Start of Dataset records

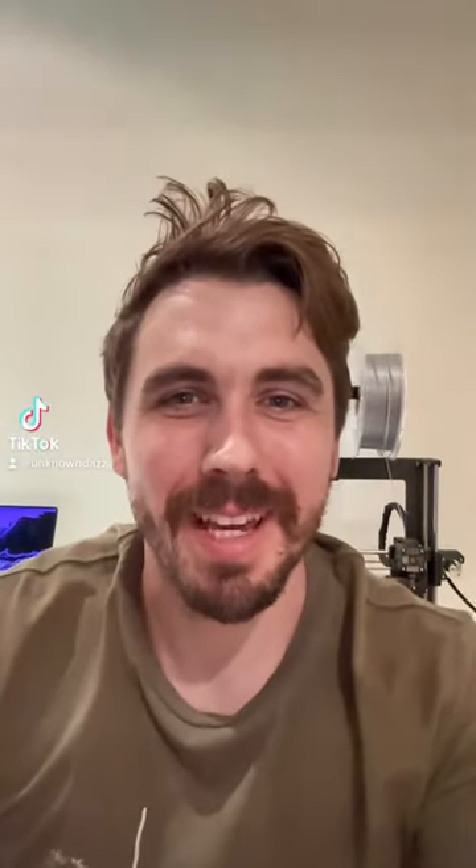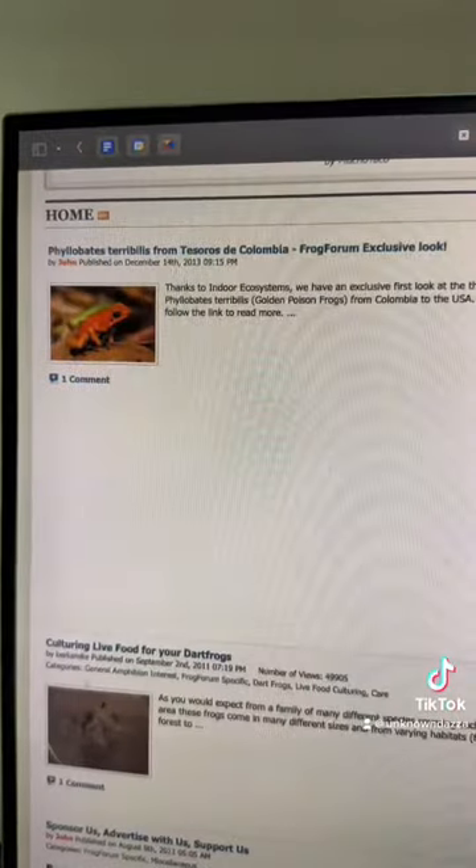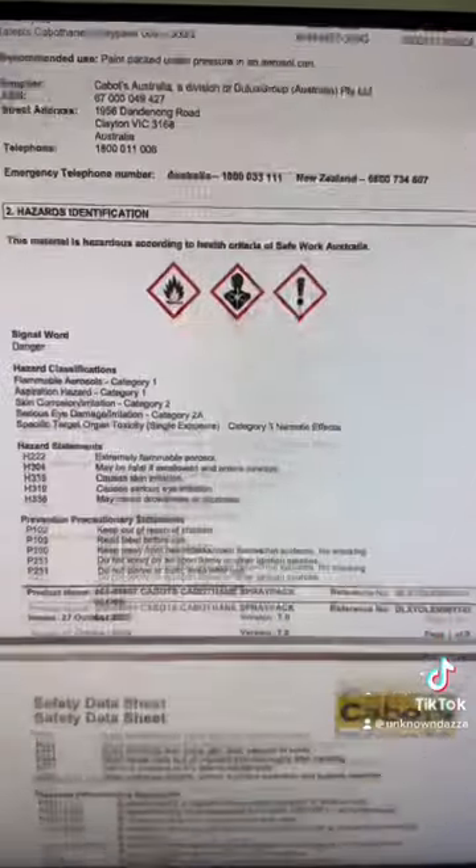Yo! Sorry it's taking so long to get here. I've just been having so much fun trawling through frog forums, the Bunnings paint section, and paint safety data sheets. Anyway, the new white filament arrived today so we're never doing anything.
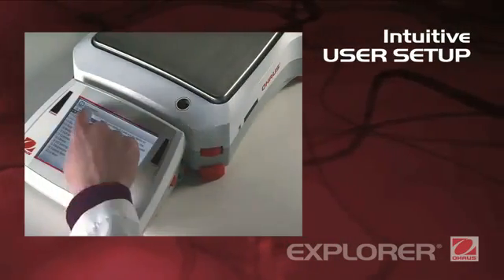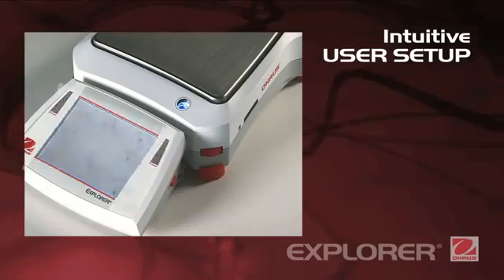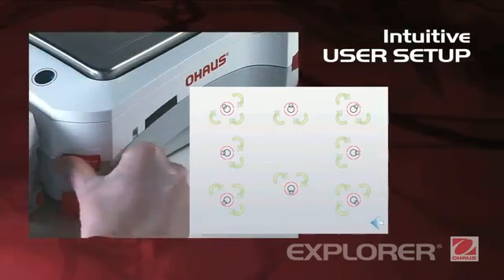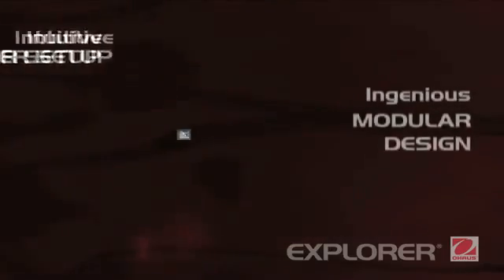Intuitive user setup. Explorer is the industry's most easy-to-use balance, featuring leveling assistance and instructional messaging for a quick, out-of-the-box setup and use.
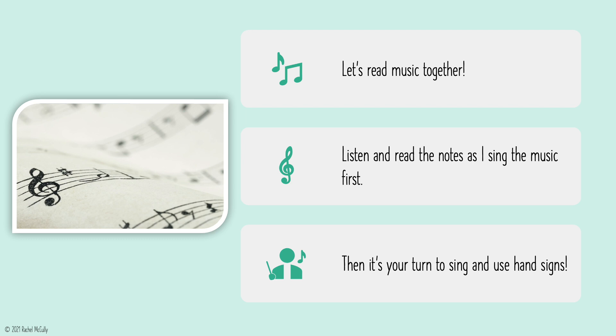Let's read music together. Listen and read the notes as I sing the music first. Then it's your turn to sing and use hand signs.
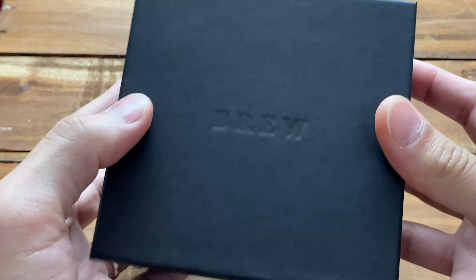I am wearing right now my Cartier Tank, and as you can see there's blue — all stainless steel — with blue hands and a silver dial. This Brew is kind of the same aesthetic.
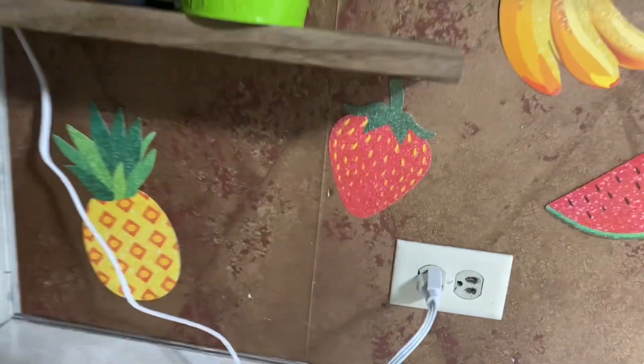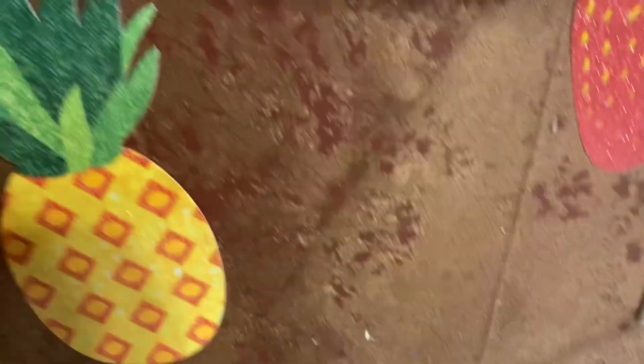With it being summer, I wanted to do a fruit theme, so on Temu I got this fruit banner and instead of using the twine, I just kind of taped them to the backsplash in our kitchen.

End of Dataset records

• _Instructions to follow_
The copy you produce must match the entries above exactly, except that it has no pictures.

• _Your solution_
Yo! Sorry it's taking so long to get here. I've just been having so much fun trawling through frog forums, the Bunnings paint section, and paint safety data sheets. Anyway, the new white filament arrived today so we're never doing anything.
Intuitive user setup. Explorer is the industry's most easy-to-use balance, featuring leveling assistance and instructional messaging for a quick, out-of-the-box setup and use.
Let's read music together. Listen and read the notes as I sing the music first. Then it's your turn to sing and use hand signs.
I am wearing right now my Cartier Tank, and as you can see there's blue — all stainless steel — with blue hands and a silver dial. This Brew is kind of the same aesthetic.
With it being summer, I wanted to do a fruit theme, so on Temu I got this fruit banner and instead of using the twine, I just kind of taped them to the backsplash in our kitchen.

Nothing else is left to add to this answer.